TASK: Give back exactly the lines from the beginning of the listing below to the line holding "Used 2001 Audi TT 1.8T AWD/4WD image 27", both ends included; the pictures stay out.
Segment Start: RECORD SET
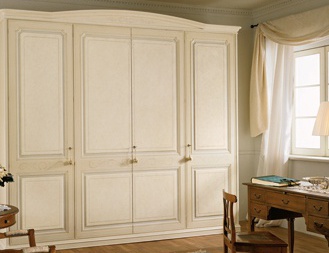 Wardrobe on the frame of tamborito Sirio, Benedetti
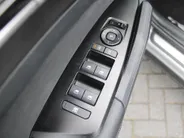 Kia Sportage 1.6 T-GDi Hybrid GT-Line | Trekhaak | Stuur-/stoelverwarming | Elek. stoelverstelling + achterklep | Schuifdak | 18" LM | Cruise adapt. | Camera |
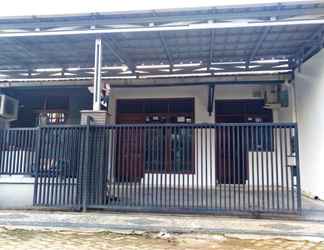 Luar Bangunan 2 Inniya Homestay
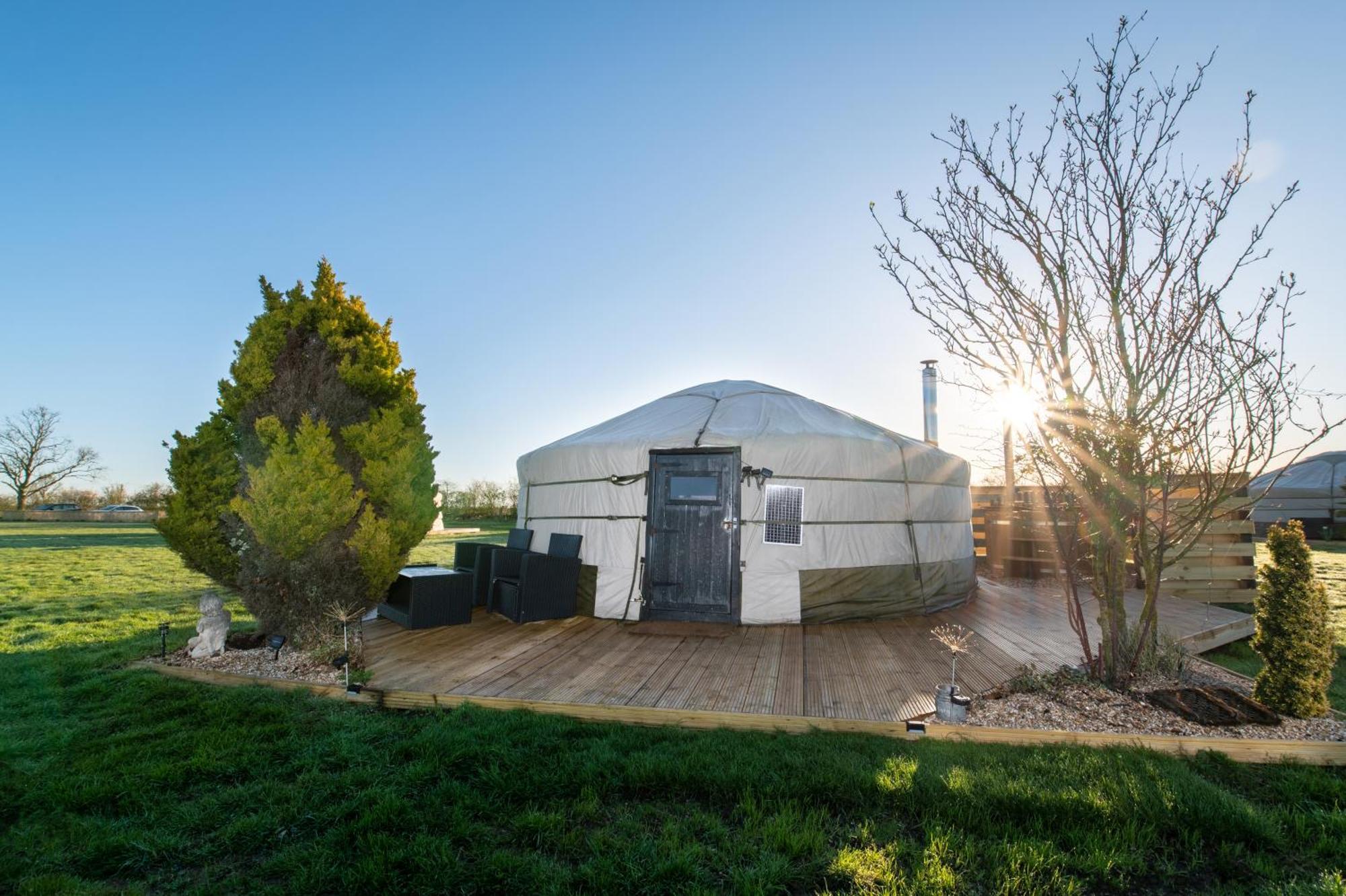 Готель Lincoln Yurts Екстер'єр фото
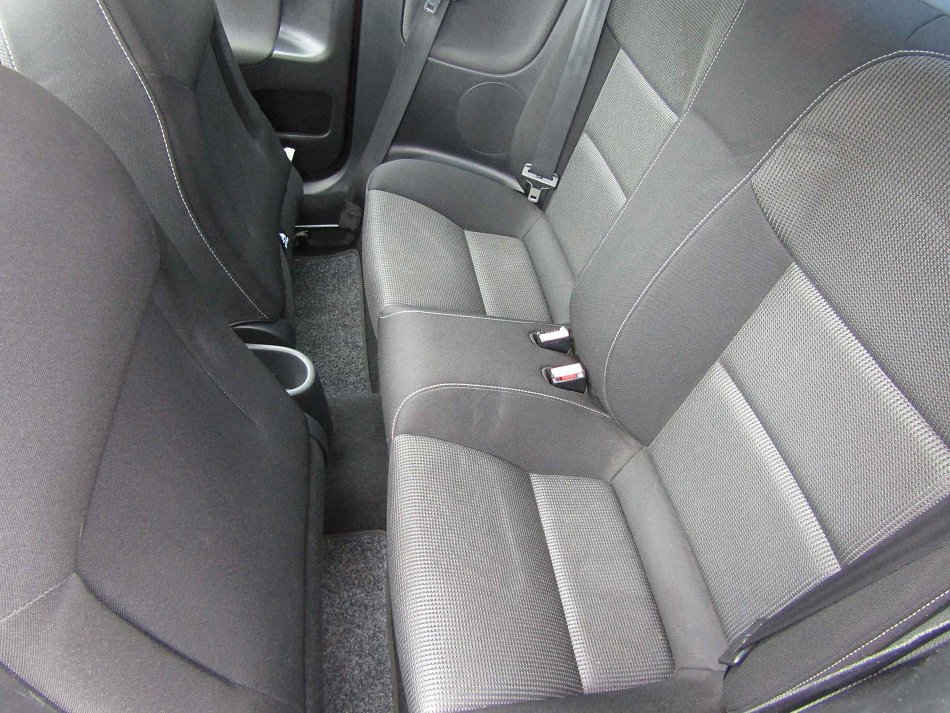 Peugeot 207 1.6i 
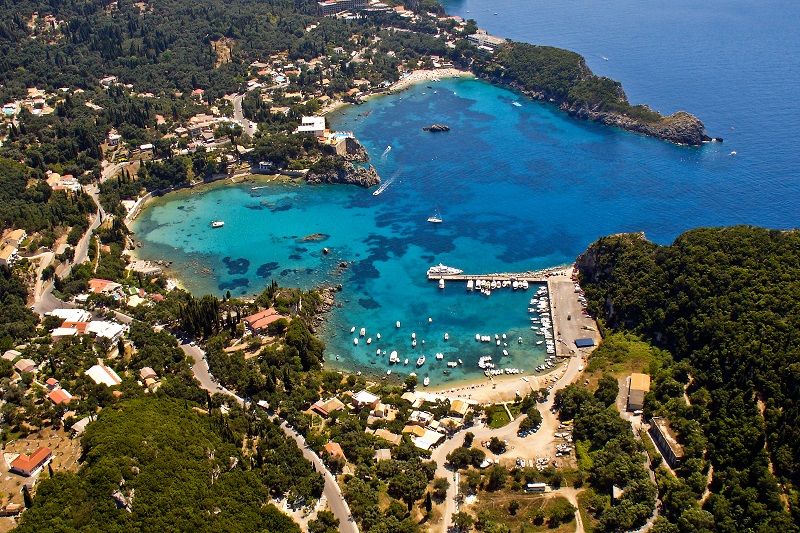 Irini Apartments Benitses 2*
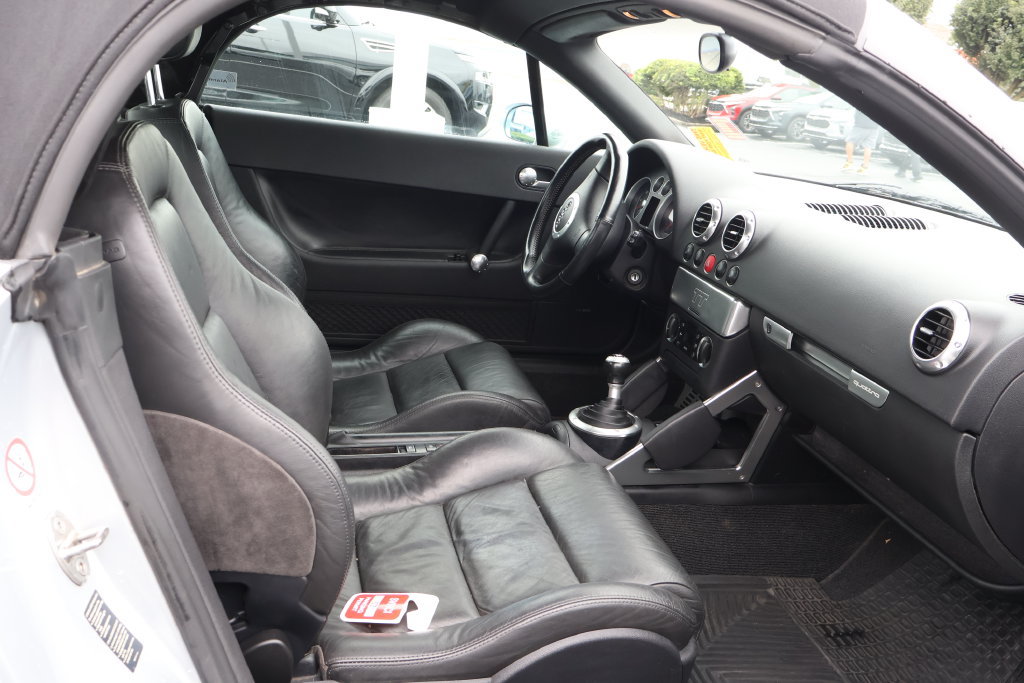 Used 2001 Audi TT 1.8T AWD/4WD image 27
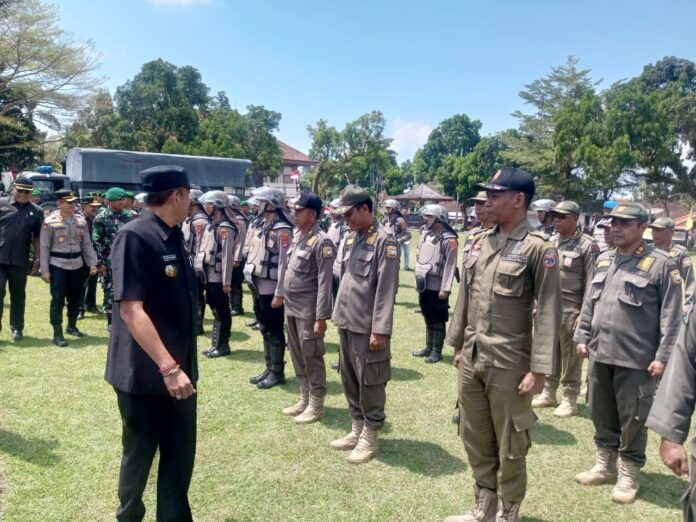 Bupati Karangasem Gusti Putu Parwata meninjau gelar pasukan gabungan untuk giat pengamanan wilayah Karangasem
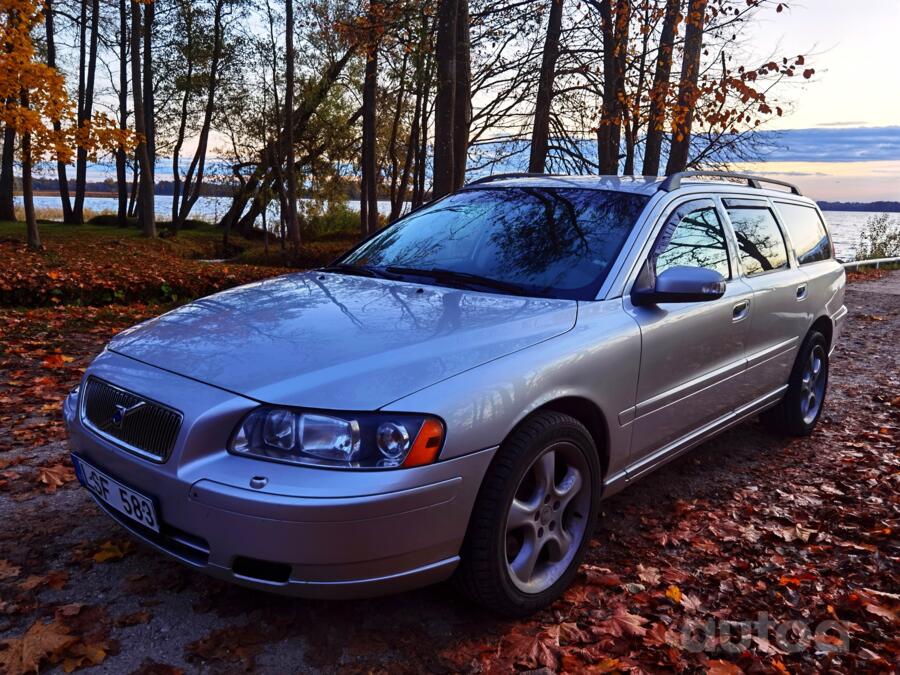 Volvo V70 2 generation [restyling] wagon 5-doors
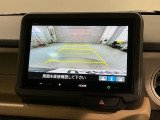 リバースギアに入れるだけで後方の表示へ切り替わります。夜間や雨の日の駐車も楽になりますよ。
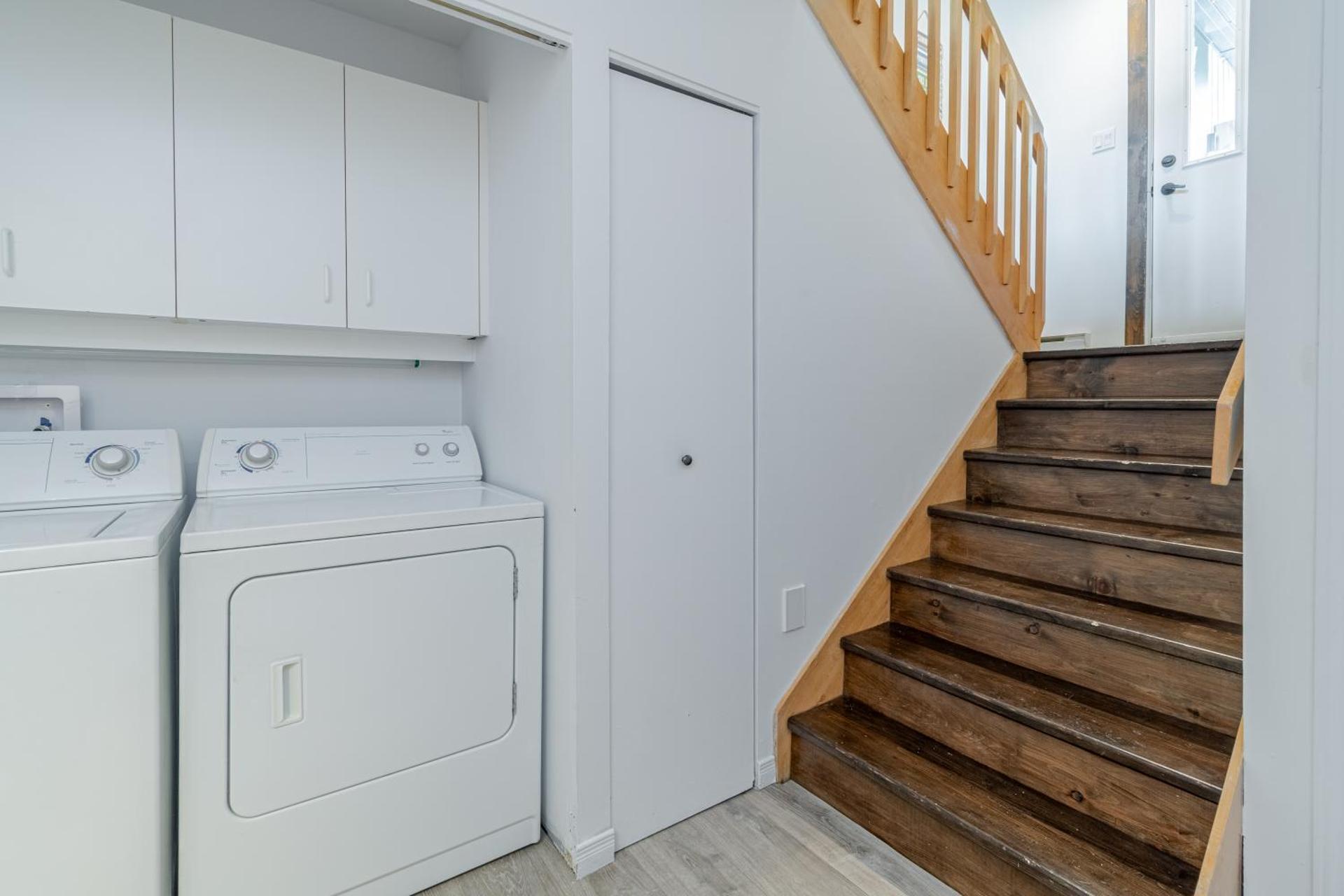 Superbe condo face aux pentes de ski Stoneham!!!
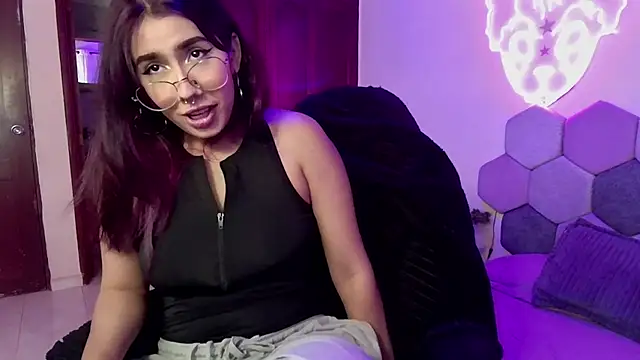Snapshot of Horny_tgn chatting on March 2025 05:42:02 PM Horny tgn online show from March 2025 05:42:02 PM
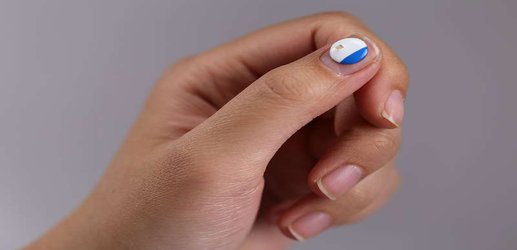 Tiny sun sensor warns you when your skin is about to burn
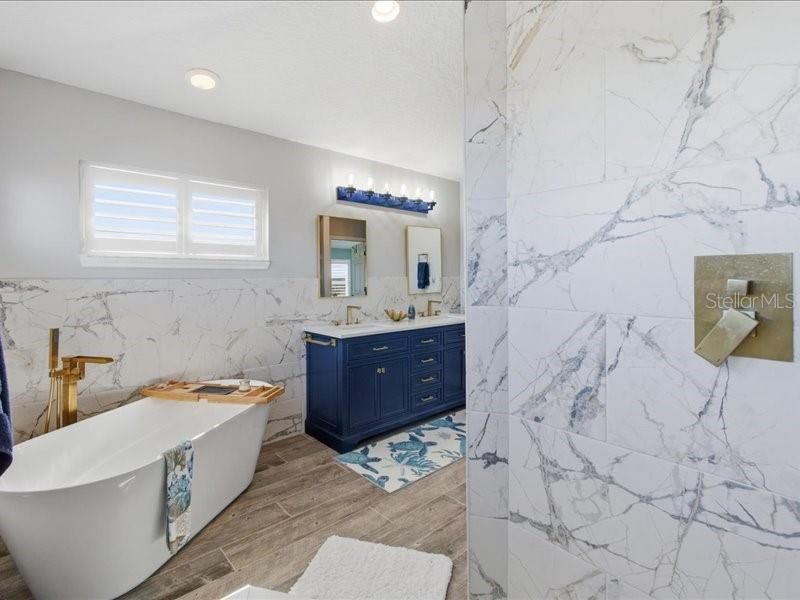 待售: $739,000 (3 贝兹, 2 浴室, 2633 平方英尺)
Segment End: RECORD SET
YOUR SOLUTION:
 Wardrobe on the frame of tamborito Sirio, Benedetti
 Kia Sportage 1.6 T-GDi Hybrid GT-Line | Trekhaak | Stuur-/stoelverwarming | Elek. stoelverstelling + achterklep | Schuifdak | 18" LM | Cruise adapt. | Camera |
 Luar Bangunan 2 Inniya Homestay
 Готель Lincoln Yurts Екстер'єр фото
 Peugeot 207 1.6i 
 Irini Apartments Benitses 2*
 Used 2001 Audi TT 1.8T AWD/4WD image 27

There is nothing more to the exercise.